Aligning Logits Generatively for Principled Black-Box Knowledge Distillation
Jing Ma, Xiang Xiang, Ke Wang, Yuchuan Wu, Yongbin Li
TL;DR
This work tackles cloud-to-edge knowledge distillation when the teacher is a private black-box model and local data cannot be shared. It introduces Mapping-Emulation KD (MEKD), a two-step framework that first applies deprivatization by training a generator as an inverse mapping of the teacher and then distills the student by aligning high-dimensional generator-produced images, yielding a new optimization direction based on the empirical Wasserstein distance $\hat{W}$ rather than direct logit matching. Theoretical contributions include definitions of function equivalence via Wasserstein distance, the inverse-mapping property $f_G=f_T^{-1}$, and proofs of empirical approximation, optimization direction, and a generalization bound, all anchored by a cell decomposition of the latent space.

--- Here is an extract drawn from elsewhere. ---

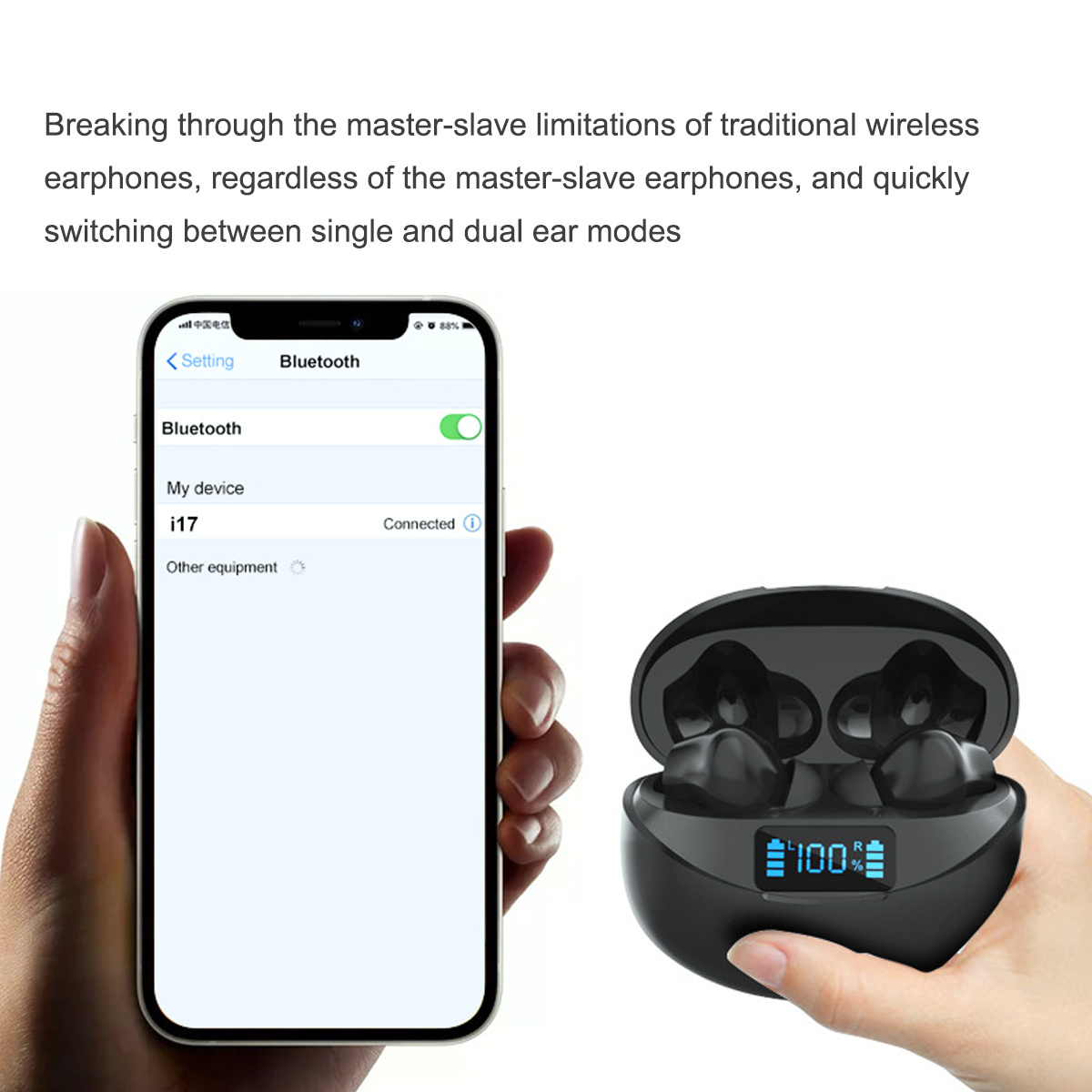 Eine Person hält ein Telefon mit Bluetooth-Einstellungen, das mit einem schwarzen Ohrhörer-Etui mit Display verbunden ist.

Empirically, MEKD demonstrates robust improvements over existing B2KD approaches across MNIST, CIFAR, Tiny ImageNet, and ImageNet-1K with varying data budgets and query constraints, while maintaining privacy by avoiding leakage of sensitive local data. The approach offers a practical privacy-preserving, data-efficient pathway for cloud-to-edge KD in real-world, bandwidth-limited deployments.
Abstract
Black-Box Knowledge Distillation (B2KD) is a formulated problem for cloud-to-edge model compression with invisible data and models hosted on the server. B2KD faces challenges such as limited Internet exchange and edge-cloud disparity of data distributions. In this paper, we formalize a two-step workflow consisting of deprivatization and distillation, and theoretically provide a new optimization direction from logits to cell boundary different from direct logits alignment. With its guidance, we propose a new method Mapping-Emulation KD (MEKD) that distills a black-box cumbersome model into a lightweight one. Our method does not differentiate between treating soft or hard responses, and consists of: 1) deprivatization: emulating the inverse mapping of the teacher function with a generator, and 2) distillation: aligning low-dimensional logits of the teacher and student models by reducing the distance of high-dimensional image points. For different teacher-student pairs, our method yields inspiring distillation performance on various benchmarks, and outperforms the previous state-of-the-art approaches.